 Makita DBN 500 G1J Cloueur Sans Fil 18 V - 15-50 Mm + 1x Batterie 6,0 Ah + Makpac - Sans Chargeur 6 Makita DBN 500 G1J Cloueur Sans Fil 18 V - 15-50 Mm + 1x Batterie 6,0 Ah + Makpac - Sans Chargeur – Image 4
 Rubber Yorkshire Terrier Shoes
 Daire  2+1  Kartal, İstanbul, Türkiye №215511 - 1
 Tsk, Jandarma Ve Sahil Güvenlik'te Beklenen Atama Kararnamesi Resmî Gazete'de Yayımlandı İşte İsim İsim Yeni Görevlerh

# # # #

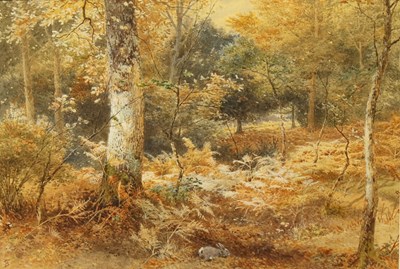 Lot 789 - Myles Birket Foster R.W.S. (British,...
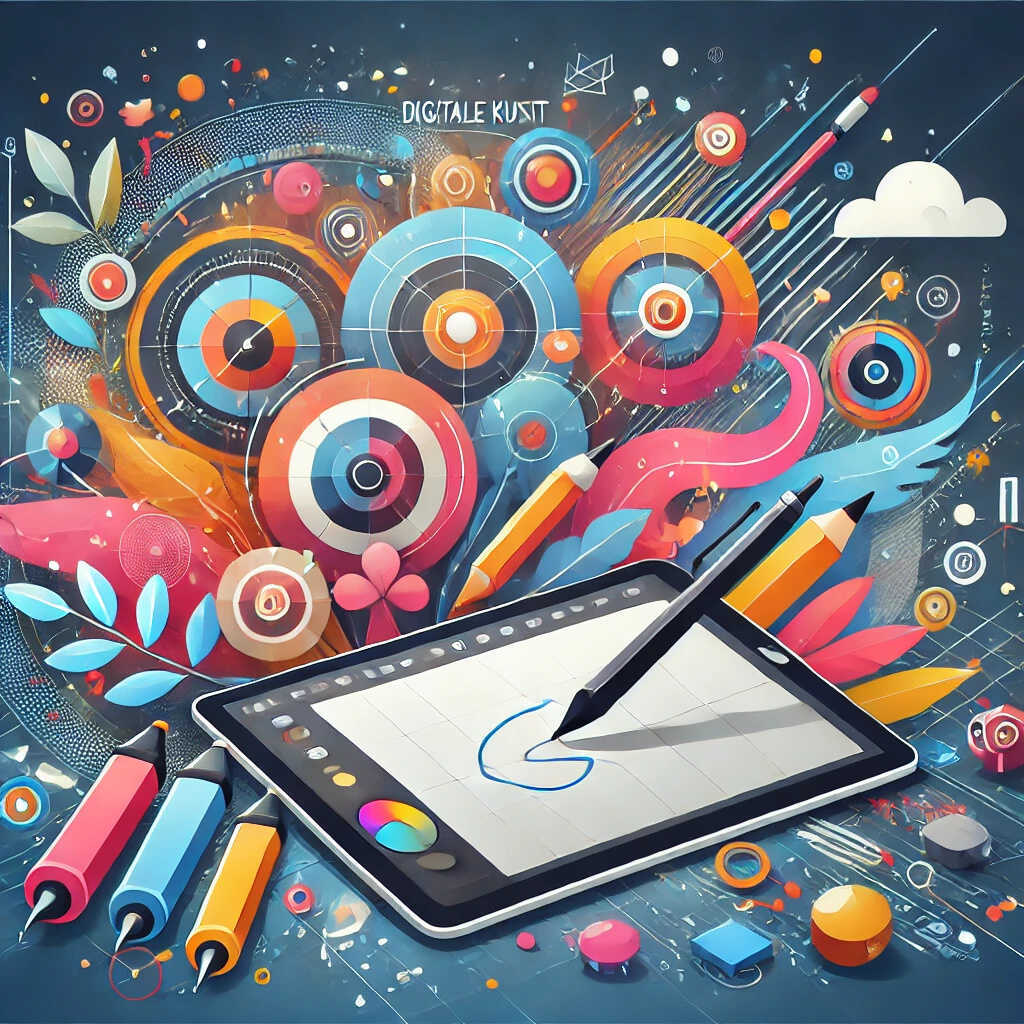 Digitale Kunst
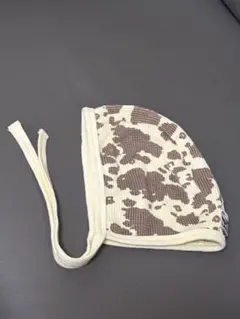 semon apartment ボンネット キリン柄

# # # #

▶ **Requirement**
Restate word for word the entries above from the line with "Türkiye №215511 - 1" through the line with "Tsk, Jandarma Ve", inclusive, leaving out everything else.

▶ **Answer to this problem**
 Daire  2+1  Kartal, İstanbul, Türkiye №215511 - 1
 Tsk, Jandarma Ve Sahil Güvenlik'te Beklenen Atama Kararnamesi Resmî Gazete'de Yayımlandı İşte İsim İsim Yeni Görevlerh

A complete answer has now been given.